Paul Guest, author of Because Everything is Terrible, praises Ground-truth for its “ravishing physicality” and “indelible” images that “burn in the light of the precisely seen and the deeply felt.”
By Robert Lee
Missoula writer Robert Lee’s first complete collection of poetry was released by Foothills Press.
“Robert Lee’s poems take us into intimacy between friends, between lovers, between life’s sweetness and unavoidable loss,” writes Jennifer Finley. “This collection of poems bravely faces the impermanence we all breathe together, ‘until/ one by one/ the ones I know and need/ stop breathing.’”

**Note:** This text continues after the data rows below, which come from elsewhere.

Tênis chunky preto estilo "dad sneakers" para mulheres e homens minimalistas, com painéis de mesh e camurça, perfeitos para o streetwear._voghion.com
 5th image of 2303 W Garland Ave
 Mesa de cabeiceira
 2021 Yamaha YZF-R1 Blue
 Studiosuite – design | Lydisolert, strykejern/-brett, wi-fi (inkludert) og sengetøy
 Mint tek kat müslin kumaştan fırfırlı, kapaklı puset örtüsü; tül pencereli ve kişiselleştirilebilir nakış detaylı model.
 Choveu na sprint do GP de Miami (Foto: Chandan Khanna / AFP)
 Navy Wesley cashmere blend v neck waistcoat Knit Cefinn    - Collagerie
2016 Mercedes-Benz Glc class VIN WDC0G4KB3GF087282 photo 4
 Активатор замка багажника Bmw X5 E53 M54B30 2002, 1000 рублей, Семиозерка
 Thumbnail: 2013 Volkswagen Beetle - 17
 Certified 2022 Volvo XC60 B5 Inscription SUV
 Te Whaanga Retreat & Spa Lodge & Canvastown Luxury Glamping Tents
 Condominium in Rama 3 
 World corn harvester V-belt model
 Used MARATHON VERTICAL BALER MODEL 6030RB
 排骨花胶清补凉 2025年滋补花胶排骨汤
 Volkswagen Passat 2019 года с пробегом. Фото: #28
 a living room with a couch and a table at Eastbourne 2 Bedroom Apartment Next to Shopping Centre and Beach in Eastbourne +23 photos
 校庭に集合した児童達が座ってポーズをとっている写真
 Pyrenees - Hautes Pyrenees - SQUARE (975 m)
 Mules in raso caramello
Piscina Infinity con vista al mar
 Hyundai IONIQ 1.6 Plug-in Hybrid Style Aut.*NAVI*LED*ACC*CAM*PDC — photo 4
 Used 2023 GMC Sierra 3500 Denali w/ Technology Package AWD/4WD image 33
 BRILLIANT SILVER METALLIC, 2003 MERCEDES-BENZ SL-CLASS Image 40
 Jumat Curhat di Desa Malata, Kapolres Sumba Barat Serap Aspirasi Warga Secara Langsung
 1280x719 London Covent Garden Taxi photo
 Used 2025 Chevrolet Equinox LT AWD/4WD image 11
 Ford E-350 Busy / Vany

Lee is the author of Guiding Elliott, published in 1997 by Lyons Press and reissued in paper back by Mountain Press in 2013. His poetry chapbook, Black Bear Holds a Hole in His Paws, was inspired by three autumns spent as writer in residence in Hydaburg, Alaska for the Missoula Writing Collaborative, which he has taught with for nearly 20 years. His work has appeared in the anthologies New Montana Stories and Poems Across the Big Sky I & II, Montana Magazine, and in numerous literary journals.
“Elegiac, death defying, hard earned truth in this collection,” writes former Montana Poet Laureate Sheryl Noethe. “All along, a wit as dry as ice: The force of his language comes up behind you and you jump, and you’re glad you did, and feel the better for it.”